Logótipo de Expresso Expresso 14/04/2018 Alexandra Carita, Raquel Felício

Nem todos os países têm as mesmas condições de vida, o mesmo clima e os mesmos perigos para a saúde. Os seus contextos epidemiológicos são diferentes daqueles onde vivemos e a doença pode instalar-se. Uma picada de inseto ou um cubo de gelo de água não segura podem desencadear doenças graves. Basta não estar vacinado ou não seguir os conselhos mais comuns dados a quem viaja pelos médicos da chamada medicina do viajante, ou não seguir à risca a obrigatoriedade e recomendação da Organização Mundial da Saúde sobre as vacinas que deve tomar antes de visitar países como a Índia ou Angola, o Brasil ou a República Dominicana.

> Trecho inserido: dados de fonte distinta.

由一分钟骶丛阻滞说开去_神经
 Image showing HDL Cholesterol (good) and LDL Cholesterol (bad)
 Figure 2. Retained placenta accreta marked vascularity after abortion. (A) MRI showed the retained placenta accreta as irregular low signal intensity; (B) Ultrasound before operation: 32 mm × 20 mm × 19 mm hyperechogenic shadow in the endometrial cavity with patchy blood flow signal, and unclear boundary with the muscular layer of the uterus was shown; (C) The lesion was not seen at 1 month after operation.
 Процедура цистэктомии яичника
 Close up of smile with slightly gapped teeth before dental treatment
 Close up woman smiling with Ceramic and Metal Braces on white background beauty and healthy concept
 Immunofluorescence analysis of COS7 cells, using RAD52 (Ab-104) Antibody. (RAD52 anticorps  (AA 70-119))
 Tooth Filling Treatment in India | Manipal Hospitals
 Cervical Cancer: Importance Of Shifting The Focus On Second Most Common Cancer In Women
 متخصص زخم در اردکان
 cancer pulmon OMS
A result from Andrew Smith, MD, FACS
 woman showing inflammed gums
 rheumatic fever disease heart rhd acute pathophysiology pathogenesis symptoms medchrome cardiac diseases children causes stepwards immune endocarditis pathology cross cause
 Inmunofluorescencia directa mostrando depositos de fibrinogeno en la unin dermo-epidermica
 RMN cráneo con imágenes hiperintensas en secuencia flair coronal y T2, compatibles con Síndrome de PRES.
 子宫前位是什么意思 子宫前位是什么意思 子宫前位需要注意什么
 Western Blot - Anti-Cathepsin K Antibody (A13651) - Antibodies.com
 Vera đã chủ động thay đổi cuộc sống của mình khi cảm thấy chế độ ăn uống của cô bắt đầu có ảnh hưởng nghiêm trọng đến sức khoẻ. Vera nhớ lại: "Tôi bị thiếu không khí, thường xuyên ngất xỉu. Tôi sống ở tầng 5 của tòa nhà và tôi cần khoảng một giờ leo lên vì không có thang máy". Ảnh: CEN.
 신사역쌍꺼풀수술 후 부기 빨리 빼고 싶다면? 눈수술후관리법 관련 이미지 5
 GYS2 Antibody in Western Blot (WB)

Medicina para viajar © getty Medicina para viajar

Febre amarela, febre tifoide e malária são algumas das doenças mais comuns que se podem contrair nos locais mais exóticos ou com menos sanidade básica. De uma forma geral, em países situados em África, na Ásia e na América Latina. “Neste momento diria que todos os países que estão entre o Trópico de Câncer e o Trópico de Capricórnio, a zona intertropical, aquela zona de África um pouco abaixo e um pouco acima do Equador, que vai até ao sul de Angola e ao norte do Senegal, é onde se situam os países com mais riscos para a saúde. Tal como países da América do Sul. Acho pouco prudente ir para aí sem ter tido primeiro uma informação do que é necessário fazer, nomeadamente administrar a vacina da febre amarela”, explica-nos Carlos Araújo, diretor clínico da Consulta do Viajante do Instituto de Higiene e Medicina Tropical.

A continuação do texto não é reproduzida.